The answer is to be an exact copy of the lines below running from the line with "Spools of multicolored" down to the line with "2022 RAM 1500", both ends included, and nothing more.

__Records for the task__:
—————

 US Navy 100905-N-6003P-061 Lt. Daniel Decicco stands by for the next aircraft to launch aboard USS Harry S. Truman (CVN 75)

—————

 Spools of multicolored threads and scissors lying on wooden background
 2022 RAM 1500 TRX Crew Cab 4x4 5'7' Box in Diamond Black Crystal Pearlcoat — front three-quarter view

—————

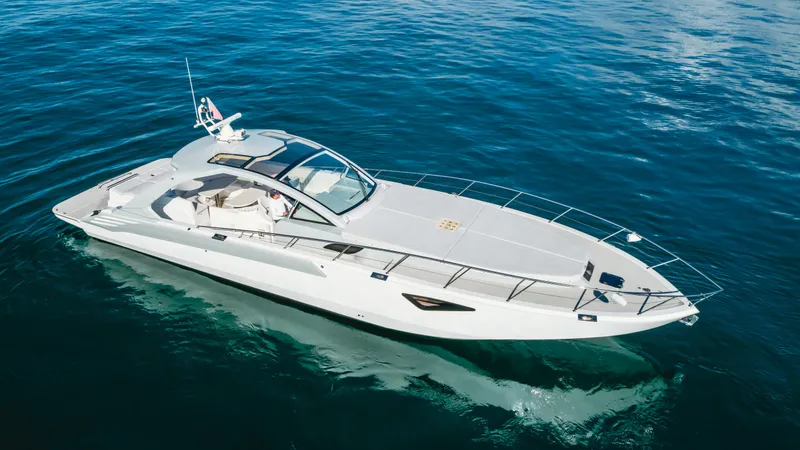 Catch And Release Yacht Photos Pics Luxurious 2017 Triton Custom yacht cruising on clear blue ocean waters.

—————

__Result of the task__:
 Spools of multicolored threads and scissors lying on wooden background
 2022 RAM 1500 TRX Crew Cab 4x4 5'7' Box in Diamond Black Crystal Pearlcoat — front three-quarter view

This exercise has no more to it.